Training
Teacher Training Overview
This program is approved by the National Association of Social Workers (NASW) and Yoga Alliance for 14 hours of Continuing Education Units.
Our Core Teacher training will focus on teaching the skills needed to serve youth with yoga, meditation and other mindfulness practices.
In this training, you will receive practical, real world knowledge and techniques that will assist you in teaching at-risk youth. You will also be encouraged to dig into your personal experience in order to draw out your own courage and compassion as a teacher.
Street Yoga does not prescribe a strict methodology for bringing yoga to youth. Instead, we will cover the basic techniques we have found most useful and will present a brief sketch of the challenges faced by these young people. You can expect to learn:
- Population characteristics and backgrounds
- Communication techniques, including conflict prevention and de-escalation
- Useful yoga postures and sequences, including ideas for special populations
- Common challenges to creating and maintaining a yoga program for youth
- How to work effectively with organizations and use resources efficiently
Intention
Going into the training, we see three goals, for which we set our intention:
- That you will develop your confidence and skills to teach youth in a variety of situations.
- That you will better understand the connections between youth homelessness, and foster care, a history of childhood abuse, addiction, family rejection and poverty.
- That you will feel inspired to volunteer to teach yoga to homeless and marginalized youth in one of our programs, or to create a program of your own in your part of the world.

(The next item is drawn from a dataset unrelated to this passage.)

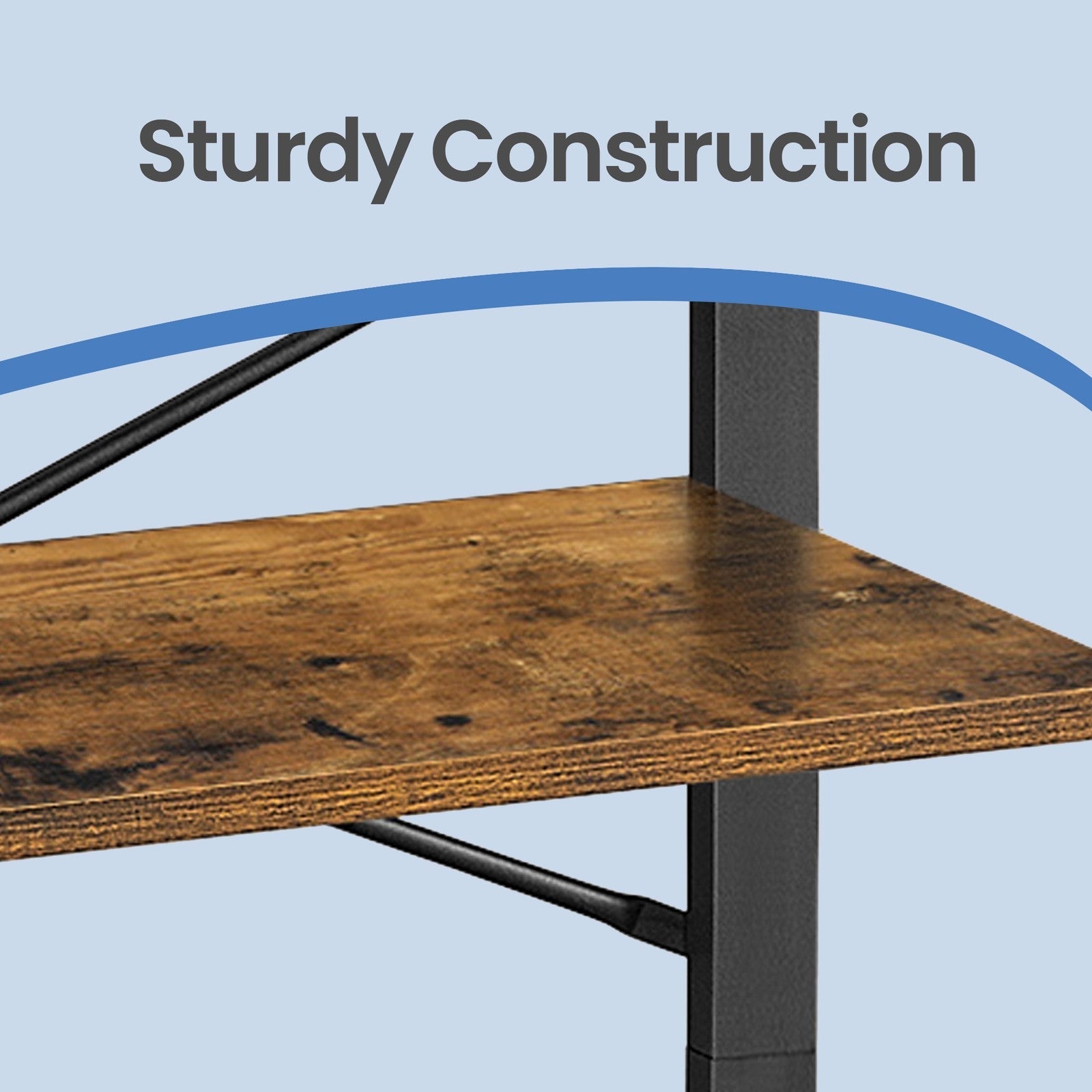 4-Tier Storage Shelf – Iron – Rustic Brown – Stable Design for Office and Living Room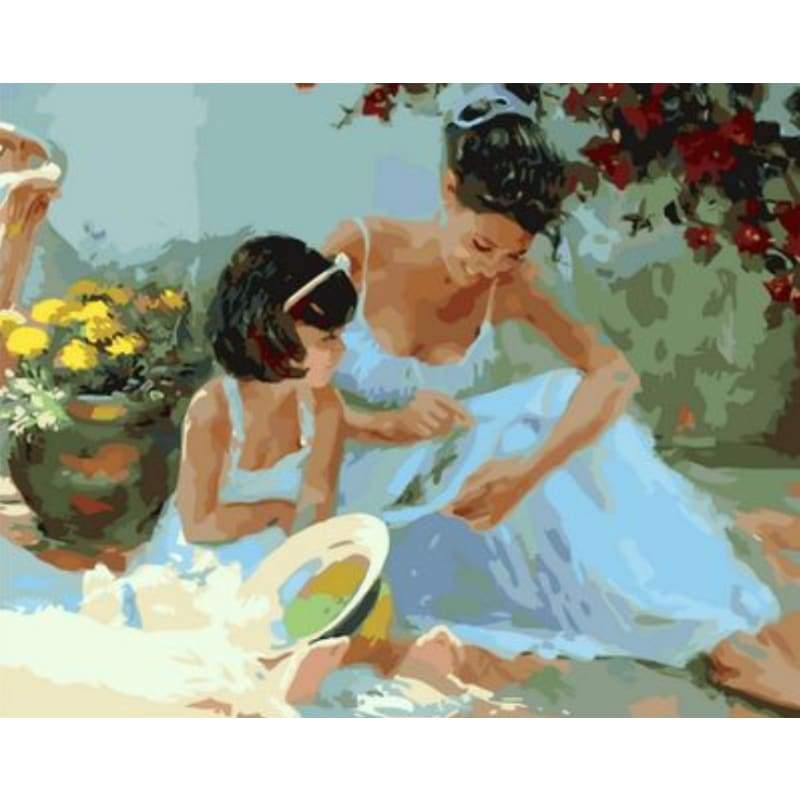 Mother And Daughter Diy Paint By Numbers Kits ZXQ1238-28 - NEEDLEWORK KITS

The youth we serve at Street Yoga, whose lives inform this training, include:
- Youth in Foster Care
- Homeless school children
- Youth living on the streets
- Runaway youth
- Youth in transitional housing programs
- Youth in sexual abuse treatment programs
- Youth in detention
- Youth in addiction recovery programs
- Young mothers in shelters
- Children in shelters
- Youth in low income and transitional housing
Learning Objectives
After this training, participants will be able to:
- explain why they want to be of service teaching yoga
- teach a full yoga class to homeless youth using appropriate language, asanas, and pacing
- articulate various causes and challenges of youth homelessness
- describe the continuum of homelessness
- identify potential boundary issues with clients and describe appropriate responses
- identify the importance of having a community of support for expanding into this work
- create a youth yoga program in collaboration with local social service providers.
All participants will receive a 64 page manual that supports these objectives, and provides background material for the training.
Intended Audience
This training is geared towards two primary groups of people:
- Social Workers, Teachers, Health Care practitioners, and others who wish to learn how better to serve the youth in their care
- Yoga Teachers who wish to expand their ability to be of service through yoga.
The training also includes self-inquiry, communication and mindfulness skills that are useful for everyone. As we noted in a recent email to one participant:
“What we do teach is how you can teach from what you do know, how you can take your yoga experience, your life skills, your passion to serve young people and weave that together into a practice that will bring the amazing benefits of yoga to the people you teach. One of the things we do is work on getting ourselves to see yoga not as 90 minutes on the mat in a studio, but so much more: it could be five minutes in a hallway with one kid, helping her breathe and calm down before she meets a probation officer. it could be working with 8 young people at a shelter and simply doing warrior pose, downward dog, some stretches, some breathing and a long savasana. could be working with staff to help them ground and center in their own breathing. there are so many ways we use yoga in our own lives without realizing it, and a big part of the training is to help you tease out all those glories and find ways to share them with others.”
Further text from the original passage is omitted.